The Curse-Reward of the Wicked Well-Doer

Yet, the first Man, Adam, stood in covenant relation to God, not accidentally, not by virtue of any special agreement or contract, but by virtue of his creation after the image of God. Man was created in the covenant-relation. The very fact that he was so created that in a creaturely way he resembled God, so that he knew Him, could understand His revelation, could speak with Him as a friend with his friend, could love Him, enter into His secret and most intimate fellowship, could serve Him and consecrate himself and all things to Him in the obedience of love - this very fact made him a covenant-creature, and placed him in that covenant-relation the moment he stood in paradise as a conscious creature.
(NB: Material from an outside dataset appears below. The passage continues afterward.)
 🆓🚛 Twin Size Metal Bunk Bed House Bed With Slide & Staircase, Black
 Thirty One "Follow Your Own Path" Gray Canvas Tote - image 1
In this covenant-relation he was God's friend-servant; and God was his Sovereign-Friend. In that relation God would bless him with his favor and fellowship, and man was called to serve God freely. He was no slave to serve the Lord in fear; nor was he a wage-earner to serve God for the sake of a reward. But freely, in love, he was to serve the Most High with all his soul and mind and power, and with all things. He was God's officebearer, His prophet to know Him, speak for Him, and glorify His name; His priest to love Him and consecrate himself and all things to Him; His king, to represent Him in all the earthly creation and reign over all things in the name of his Lord.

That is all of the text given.